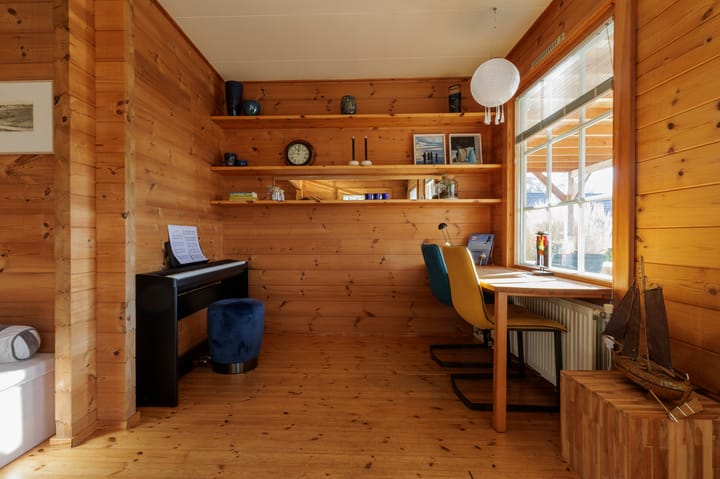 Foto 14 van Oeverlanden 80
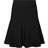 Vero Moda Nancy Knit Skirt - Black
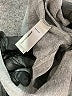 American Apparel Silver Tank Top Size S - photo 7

━━━

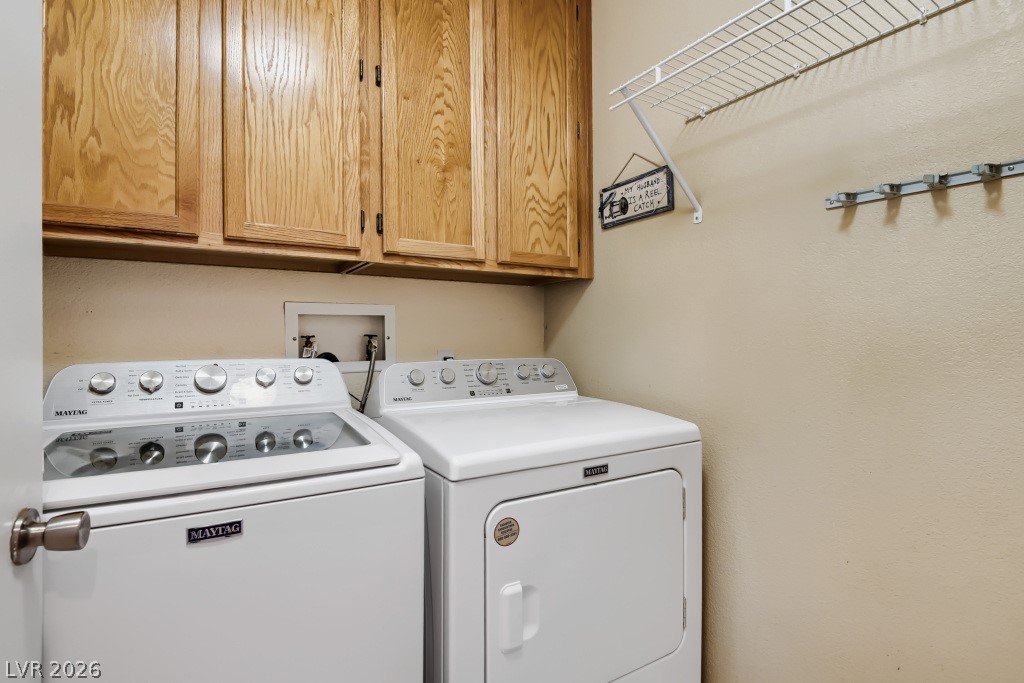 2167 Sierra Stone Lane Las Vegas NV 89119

━━━

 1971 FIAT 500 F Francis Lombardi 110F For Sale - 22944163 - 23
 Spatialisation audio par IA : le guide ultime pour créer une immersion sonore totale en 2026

━━━

• _Task prompt_:
Every line above from the one with "Foto 14 van Oeverlanden 80" down to the one with "American Apparel Silver" must be written out exactly, and no picture may appear.

• _Answer space_:
 Foto 14 van Oeverlanden 80
 Vero Moda Nancy Knit Skirt - Black
 American Apparel Silver Tank Top Size S - photo 7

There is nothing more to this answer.